* _WORK REQUEST_: Could you reproduce, from the records below, everything from the line with "Exchange Armani AX4060S" down to the line with "雅頌居二期二期6-7號樓標(biāo)準", keeping both of those lines and changing nothing?

* _EXTRACTED RECORDS_:
>>>>

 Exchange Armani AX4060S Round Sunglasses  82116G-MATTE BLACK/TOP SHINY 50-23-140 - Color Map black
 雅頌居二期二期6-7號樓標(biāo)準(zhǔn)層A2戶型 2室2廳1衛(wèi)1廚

<<<<
>>>>

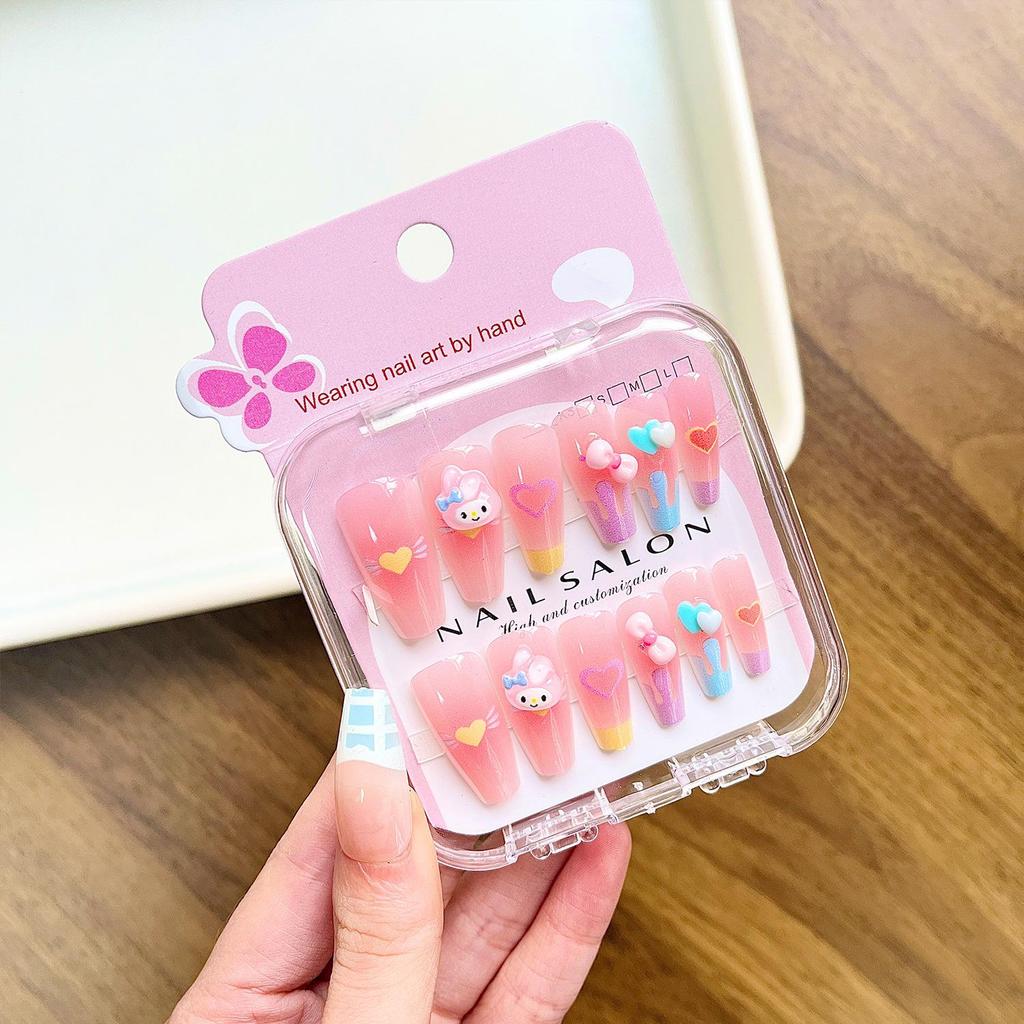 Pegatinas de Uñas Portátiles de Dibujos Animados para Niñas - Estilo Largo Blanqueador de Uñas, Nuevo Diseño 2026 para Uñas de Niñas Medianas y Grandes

<<<<

* _ANSWER BELOW_:
 Exchange Armani AX4060S Round Sunglasses  82116G-MATTE BLACK/TOP SHINY 50-23-140 - Color Map black
 雅頌居二期二期6-7號樓標(biāo)準(zhǔn)層A2戶型 2室2廳1衛(wèi)1廚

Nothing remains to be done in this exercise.